09 Mar You Are Quite A Dancer!
My wife and my daughter (me, too, but don’t tell anyone!) like that TV show about celebrities trying to learn to dance. I think I like it because there is no way in the world I could do that. But there is a type of dancing that we all do and do quite naturally. A favorite book of mine and one that I recommend to lots of clients is called The Dance of Anger by Dr. Harriet Lerner. It’s subtitled “A woman’s guide to intimate relationships” but I find that the ideas there are helpful to anyone wanting to learn how to make their relationships healthier.
I’ll probably talk about many of the ideas in this book over time because her thinking matches up a lot with my training, thinking, and experience. A basic premise of the book is that we are all imbedded in relational systems and those systems operate in patterned ways. For example, think about disagreements you have with your spouse or other family member.
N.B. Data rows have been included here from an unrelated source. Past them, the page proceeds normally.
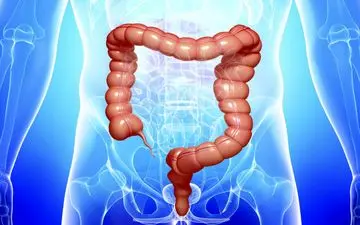 میکروب های روده عامل بروز سندروم خستگی مزمن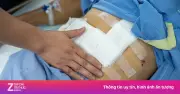 Phát hiện cùng lúc ung thư gan và thực quản nhờ nội soi trước mổ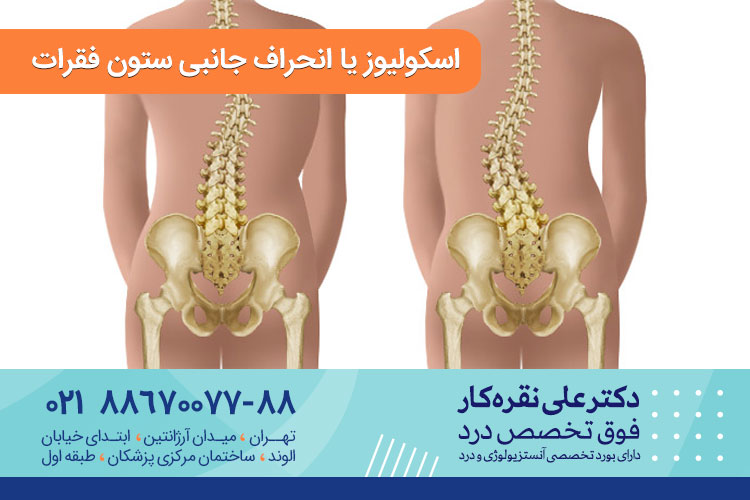 انحراف جانبی ستون فقرات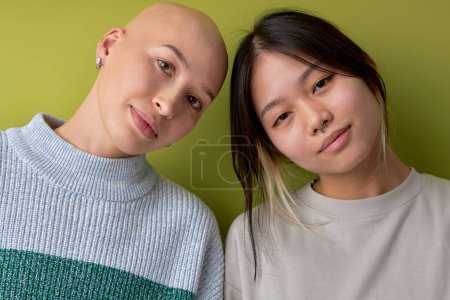 Foto de Two women posing at camera supporting each other, asian and another caucasian bald models, looking at camera smiling. close-up Portrait of ladies in casual outfit having close relationships. alopecia - Imagen libre de derechos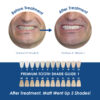 Whiter Image - Whitening - Prefilled Tray Kit - 07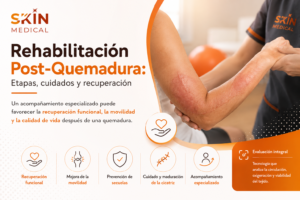 Rehabilitación Post-Quemadura: Etapas, cuidados y recuperación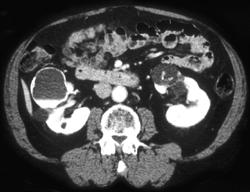 Calcified Renal Lesions- Probably Bosniak Ii-iii Lesions - CTisus CT Scan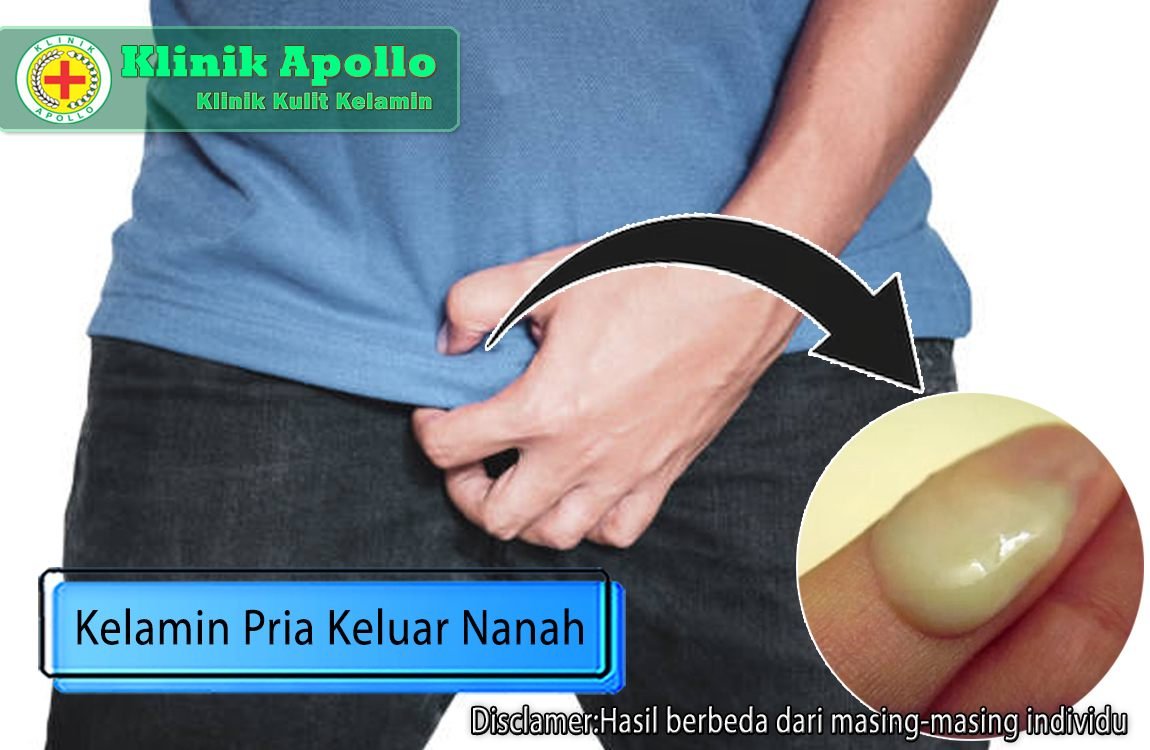 Percayakan penanganan perihal kelamin pria keluar nanah hanya di Klinik Apollo.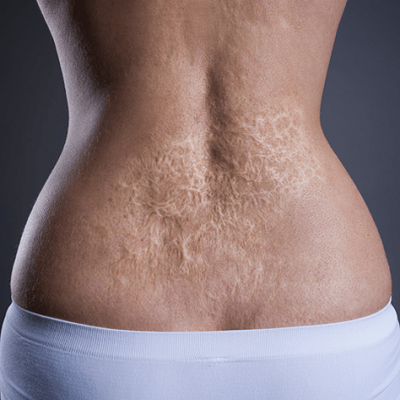 الجراحة الترميمية للحروق في دبي وأبو ظبي والشارقة والعين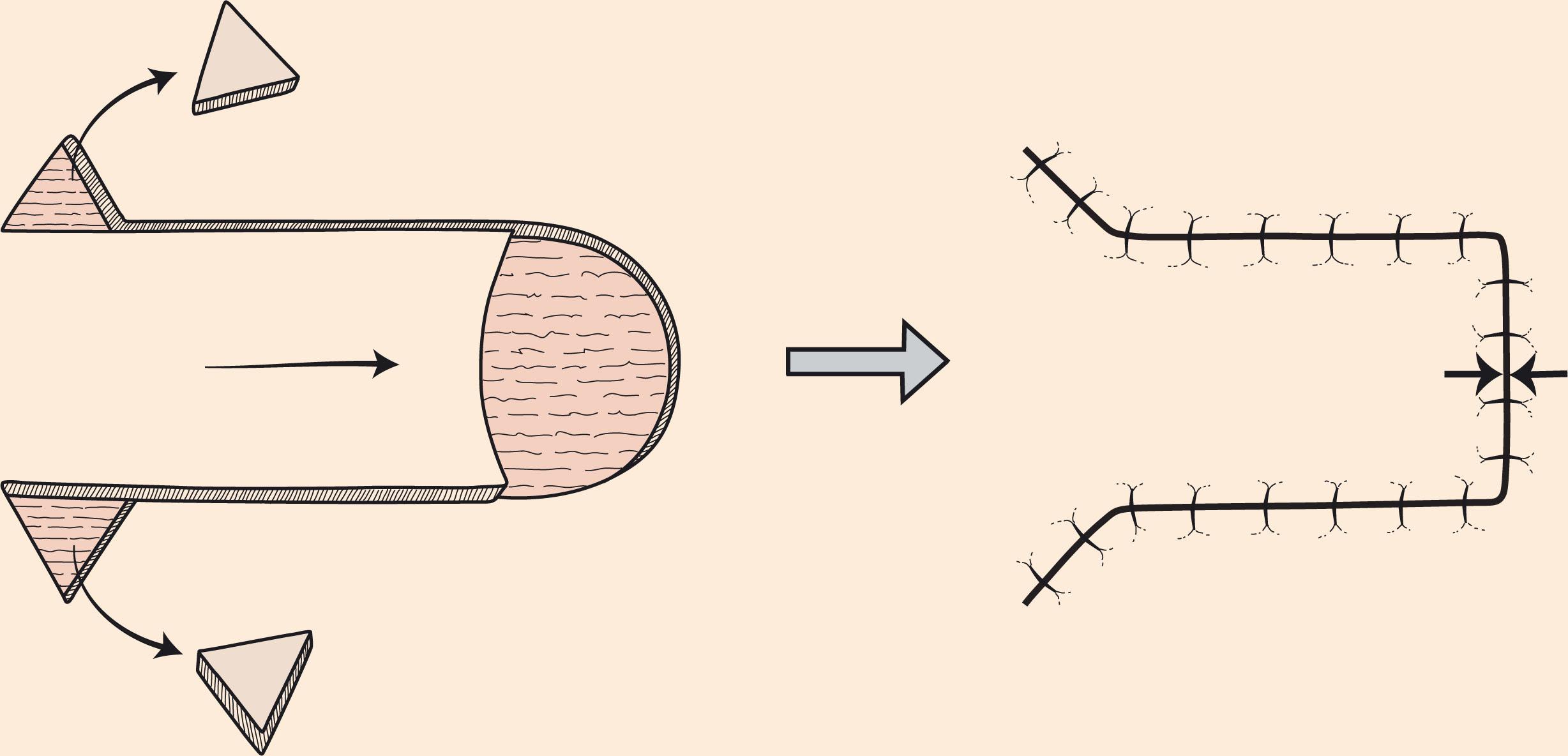 Figure 10.9, Advancement flap. Advancement flaps have a linear configuration and move by sliding into the recipient site. Greatest wound tension occurs at the recipient site closure perpendicular to the flap’s distal border (opposing arrows). By removing Burow’s triangles at the pedicle base of the flap, wound border length is equalized to the length of the primary plus secondary defect and flap advancement thus facilitated.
I’ll bet if you consider closely you’ll find that these disagreements follow a fairly predictable pattern; you this, I that, you do more of this, I do more of that, and up we spiral or one of us exits the scene.
I’ll follow up on this idea many times but think about this. If, in fact, your disagreements are predictable and patterned, then here is an important thing you need to know. If you change one part of a system, you necessarily change the rest of the system. In plain English, if you break the “rules” and do something different from the predictable pattern, the other person or persons will necessarily have to do something different in response to your change. That’s pretty powerful if you think about it.
Try this. The next time you have an argument with a loved one, decide what in advance but change something – anything – from what you typically do. If you are a yeller, whisper. If you typically go to the bedroom to argue, go out on the back deck. If you usually don’t say anything but just take it, figure out how to kindly but firmly stand up for yourself (this last one is a toughie!). Change your steps and you may find yourself in a whole new dance. Now the new one may not be a great dance either but at least you will have shown yourself that you are not necessarily a slave to the old steps. And if new steps are possible then so are new healthier steps.